Toujours européistes, les Belges ? A d’autres…

Pendant la période des premiers jalons (Ceca, projet de CED, « Green Pool »…), nos gouvernements ont été résolument souverainistes, tenants d’une union entre Etats indépendants, contre ceux qui prônaient une fédération dotée de pouvoirs supranationaux. Tout a changé avec le retour de Paul-Henri Spaak aux Affaires étrangères (1945-1954)

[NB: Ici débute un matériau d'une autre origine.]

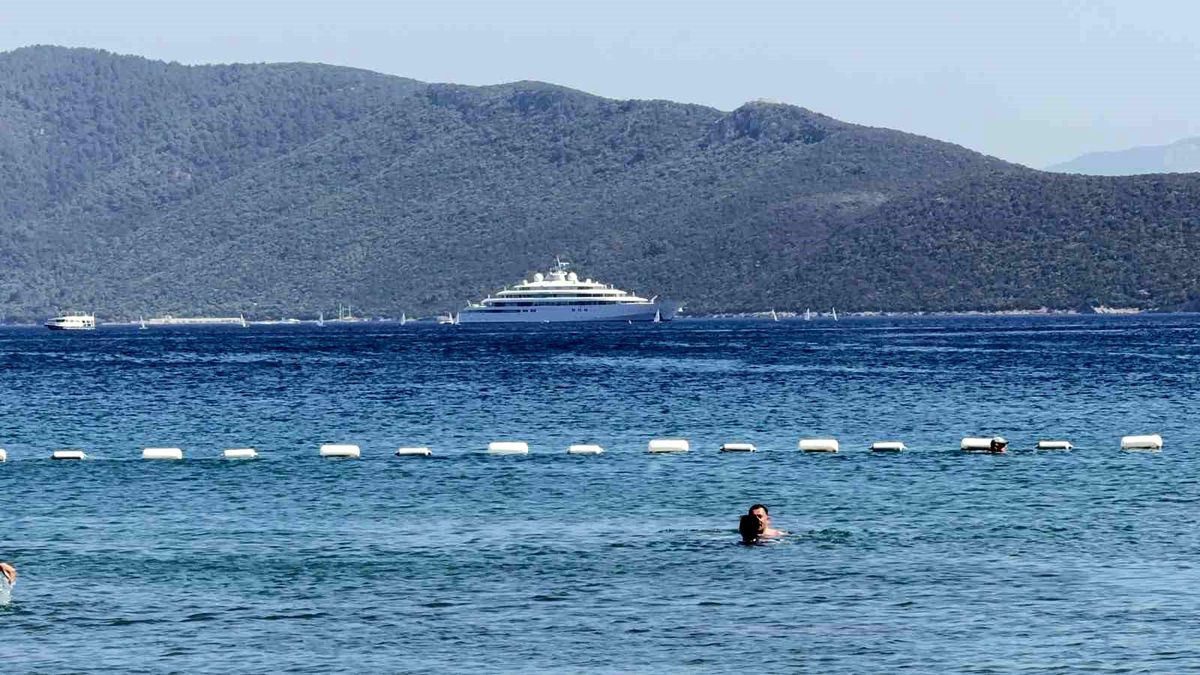 Bodrum’da 150 Milyon Dolar Değerinde Süper Yat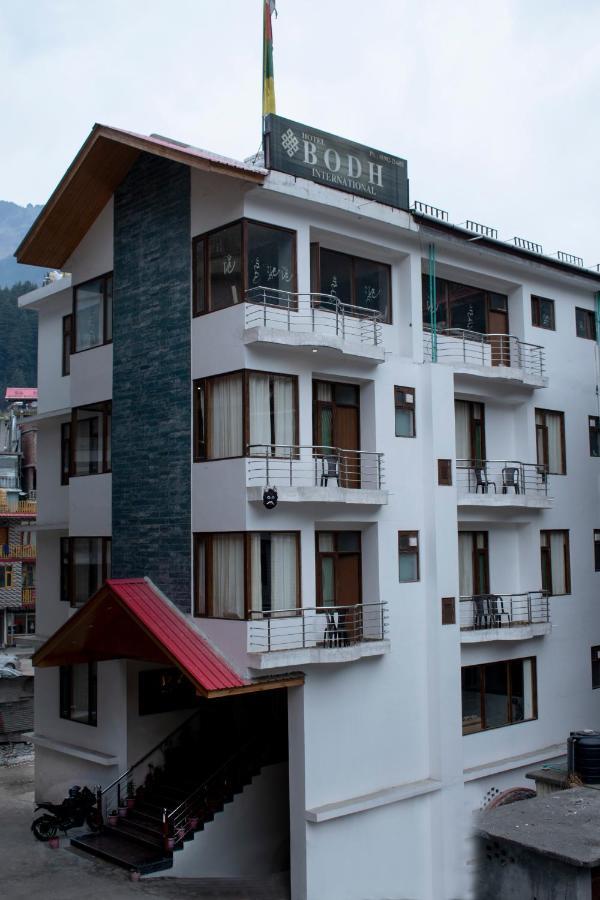 מנאלי Hotel Bodh International מראה חיצוני תמונה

   L’histoire de la classe européenne ne manque pas de mauvais élèves. Les plus en vue sont tantôt la France de Charles de Gaulle, qui pratique la politique de « la chaise vide » , tantôt la Grande-Bretagne de Margaret Thatcher, qui réclame « my money back » , avant celle de Boris Johnson qui prend le large. Même les Pays-Bas, quand ils rejettent massivement le projet de constitution européenne, ou le Danemark, quand il préfère sa couronne à l’euro, se voient infliger de mauvaises notes. A l’inverse, une idée bien ancrée veut que la Belgique soit le bon sujet par excellence, celui qui se range toujours et sans hésiter aux côtés des artisans d’une intégration forte. Confrontée aux faits, pourtant, cette représentation requiert bien des nuances. Paul-Henri Spaak, père fondateur, est peut-être l’arbre qui cache la forêt.

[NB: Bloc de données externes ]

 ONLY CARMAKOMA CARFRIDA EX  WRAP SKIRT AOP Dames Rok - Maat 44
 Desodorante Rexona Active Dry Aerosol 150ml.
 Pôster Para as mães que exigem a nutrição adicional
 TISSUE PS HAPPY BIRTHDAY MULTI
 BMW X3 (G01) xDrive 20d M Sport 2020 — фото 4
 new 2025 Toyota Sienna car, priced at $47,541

   Philippe de Schoutheete, représentant permanent de notre pays auprès des Communautés et de l’Union européenne (UE) de 1986 à 1997, affirmait que « ce qui donne sa force à la politique européenne belge, c’est qu’elle défend les mêmes principes, les mêmes orientations depuis quarante ans » [1]. Propos pertinent s’il fait référence au rapport Tindemans ou au plan Davignon, mais qui tient beaucoup moins la route si on tente de l’appliquer à l’époque des premiers fondements de la construction.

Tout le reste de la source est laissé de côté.